◆ **WHAT IS BEING ASKED**
Search the entries below for "Save My Daughter Who is Admitted In NICU". Give that line and all the lines after it again, exactly, through the last, without pictures.
── THE RECORDS
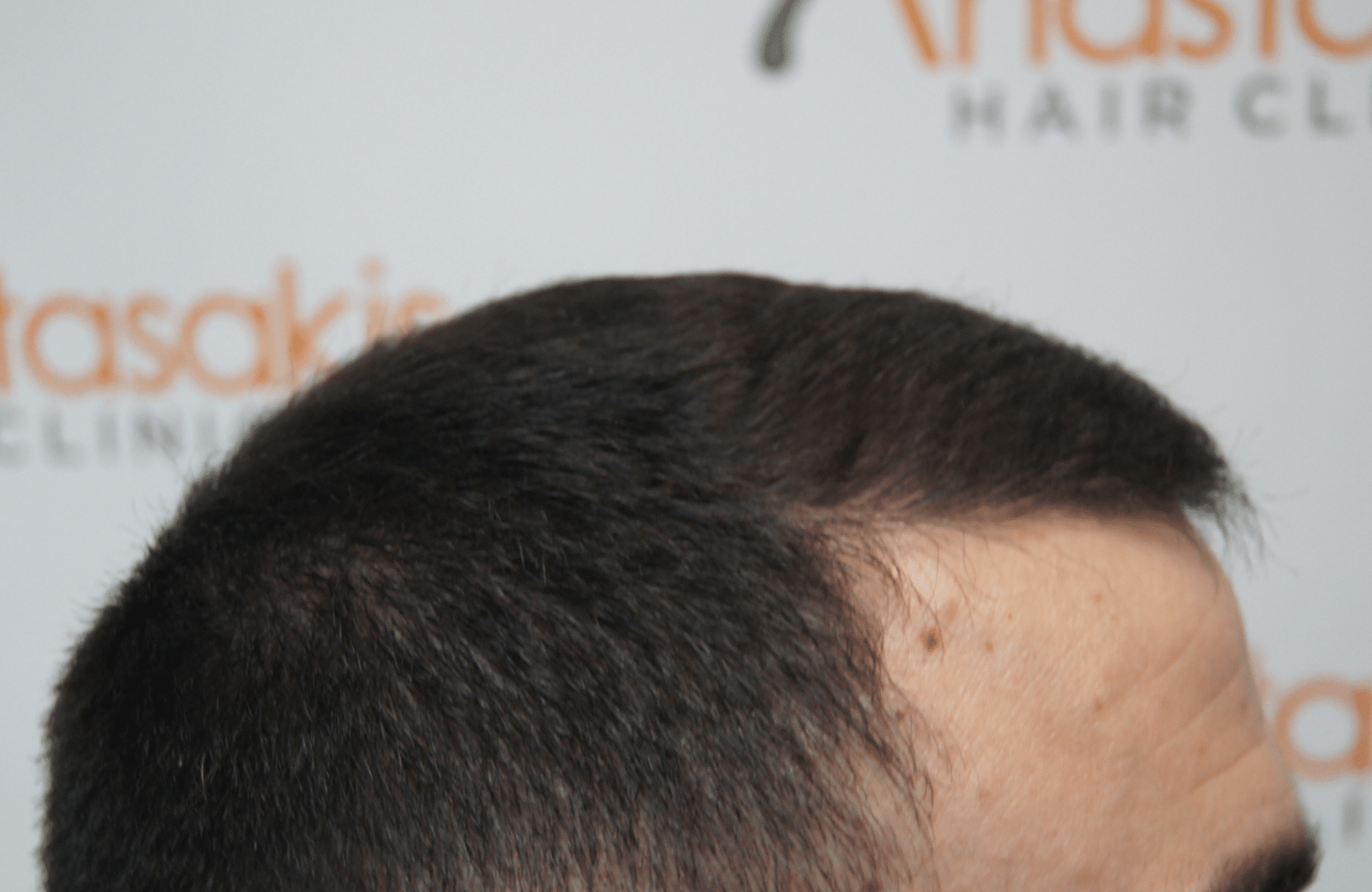 hair transplant result with 2500 grafts after - side3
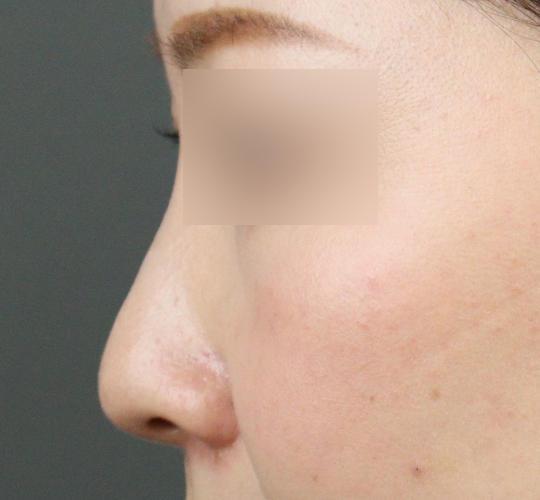 30代女性のテスリフトノーズ After 症例写真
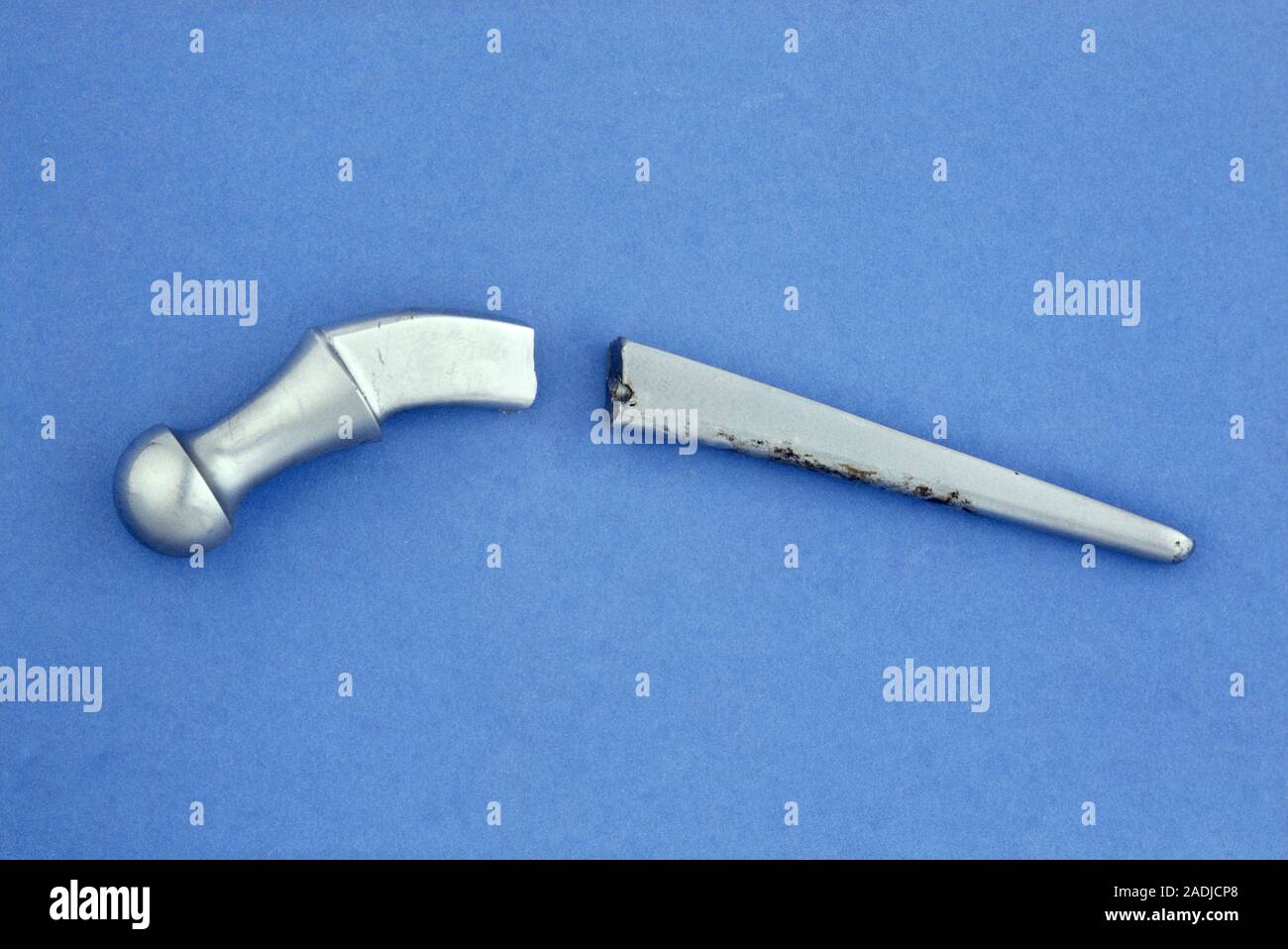 Broken hip joint. A hip prosthesis with a broken shaft. This metal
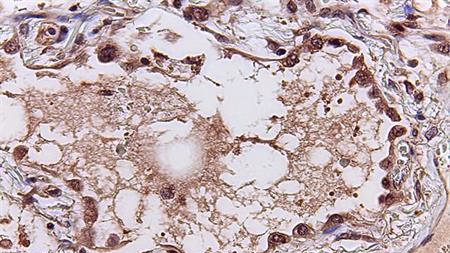 Photo courtesy of UC San Diego Health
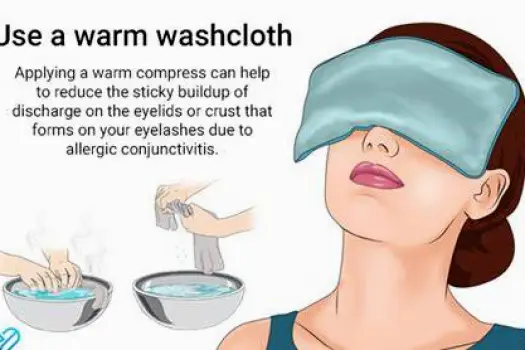A damp washcloth applied to skin as a warm compress to promote healing of an acne nodule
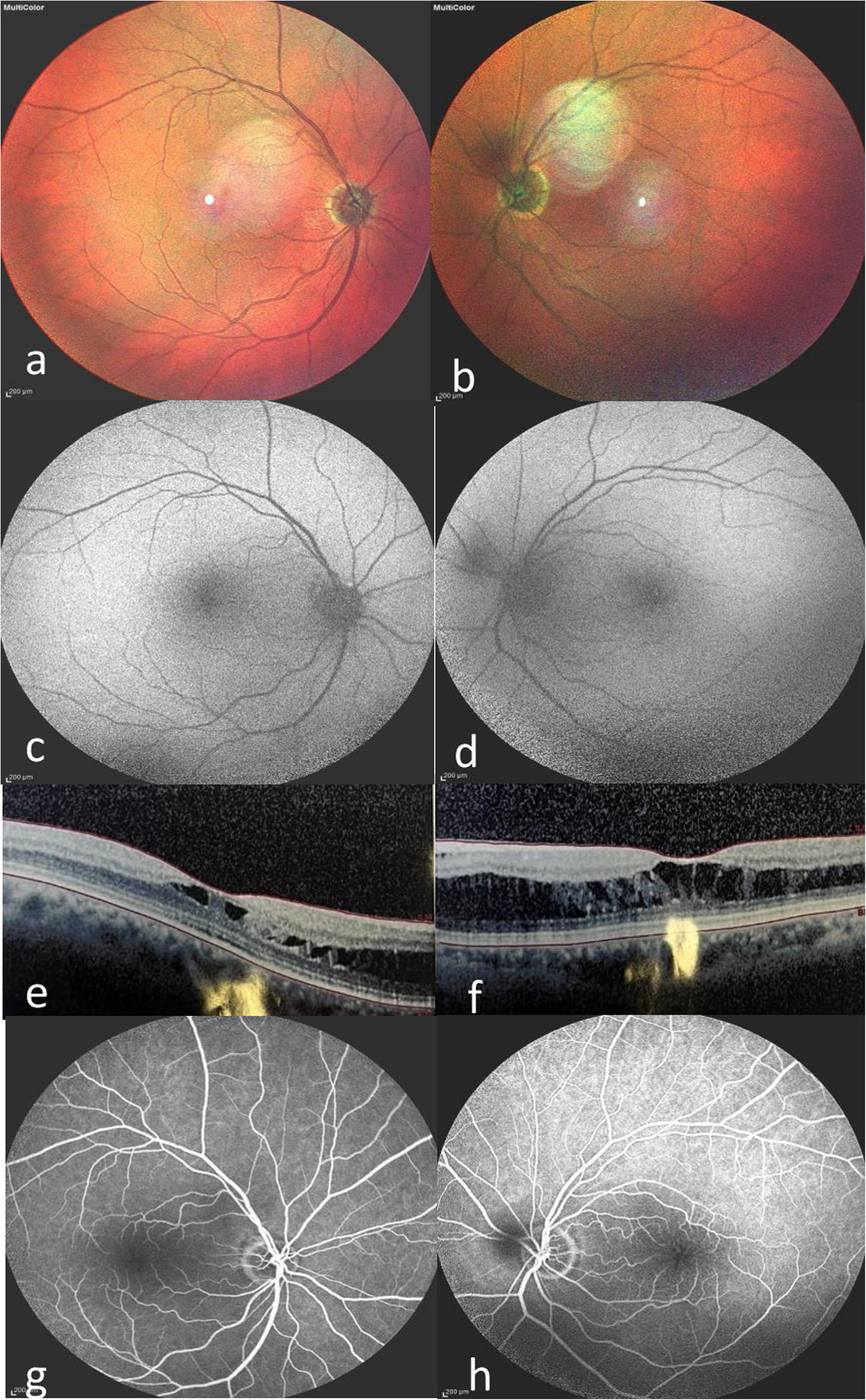 A case of bilateral stellate nonhereditary idiopathic foveomacular retinoschisis with 14-month follow-up: clinical features, OCT findings and treatment outcome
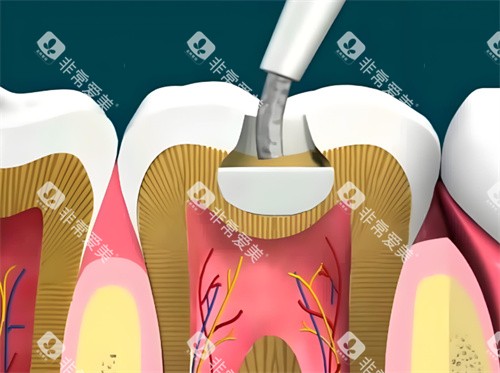 树脂补牙动画展示 树脂补牙动画展示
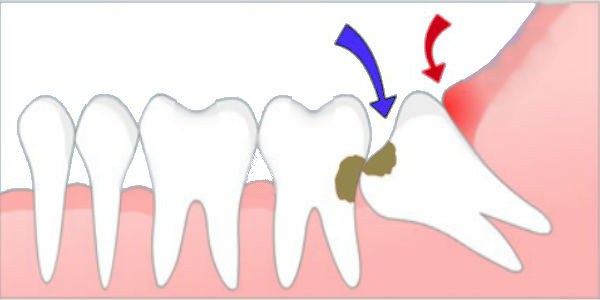 perché hai bisogno di denti del giudizio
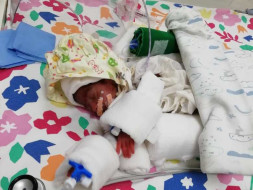 Save My Daughter Who is Admitted In NICU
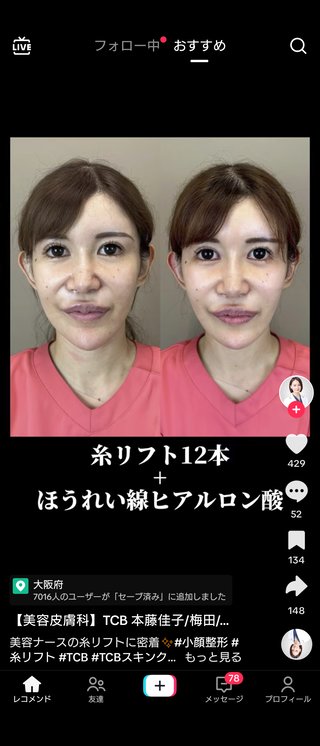 糸リフト１２本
────
◆ **OUTPUT OF THE EXERCISE**
 Save My Daughter Who is Admitted In NICU
 糸リフト１２本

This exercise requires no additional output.